Sally Clark
Navigating Asylum: Journeys from Indonesia to Australia
Life in transit poses many challenges for forced migrants. This research explores this distinct stage of the migration journey through a case study on Hazara asylum seekers living temporarily in Indonesia on their search for safety. The thesis follows two lines of inquiry: exploring both the practical day-to-day experience of asylum seekers in Indonesia and the larger international context in which closed borders and securitization of migration has become the norm. What becomes clear is that these two elements are inextricably linked. Extreme push factors operating in various locations force many to flee their homes in fear of their lives. However, due to the increase in extraterritorial border control initiatives and non-arrival regimes implemented by developed nation states, many forced migrants find themselves caught in transit locations unable to access durable solutions while simultaneously being denied access to protection zones.

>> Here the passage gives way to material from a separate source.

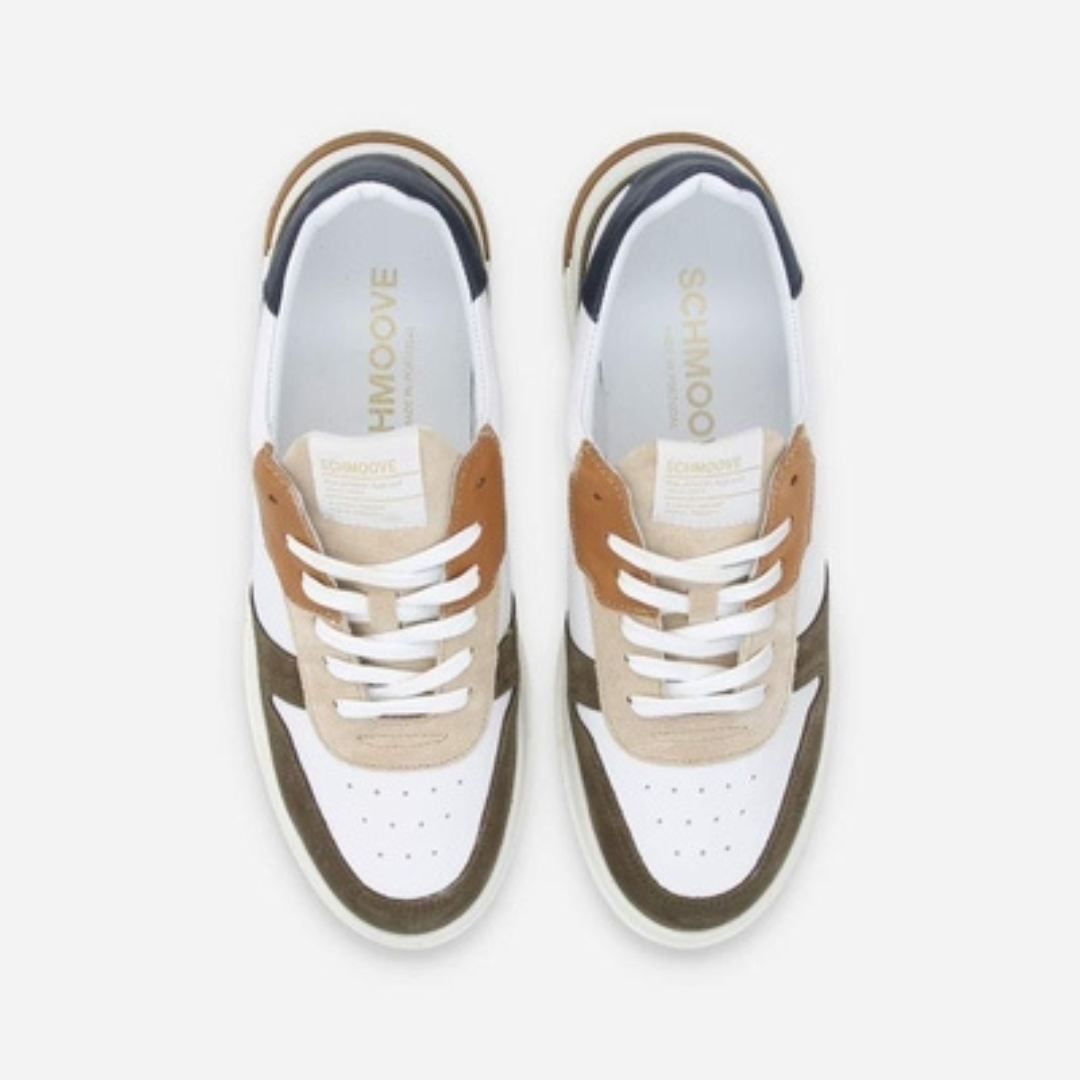 Schmoove Order Sneaker Nappa - White / Army / Navy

As a result many asylum seekers in Indonesia find themselves in precarious positions, unable to remain, yet unable to return to the home they have fled. The analysis highlights structural constraints, personal motivations and fraught tensions between choice and compulsion that people confront in transit locations. Drawing on the complimentary political philosophies of Giorgio Agamben and Simon de Beauvoir, this thesis charts the struggle between structure and agency that participants embody throughout their forced displacement and time in transit. It is argued that while powerful states of the Global North have developed complex exclusion strategies from territories where the rights of asylum are formally enshrined, asylum seekers find ways of resisting these exclusionary practices, by reasserting their rights in the face of shrinking access to protection. (Supervised by Julie Kimber and Michael Leach).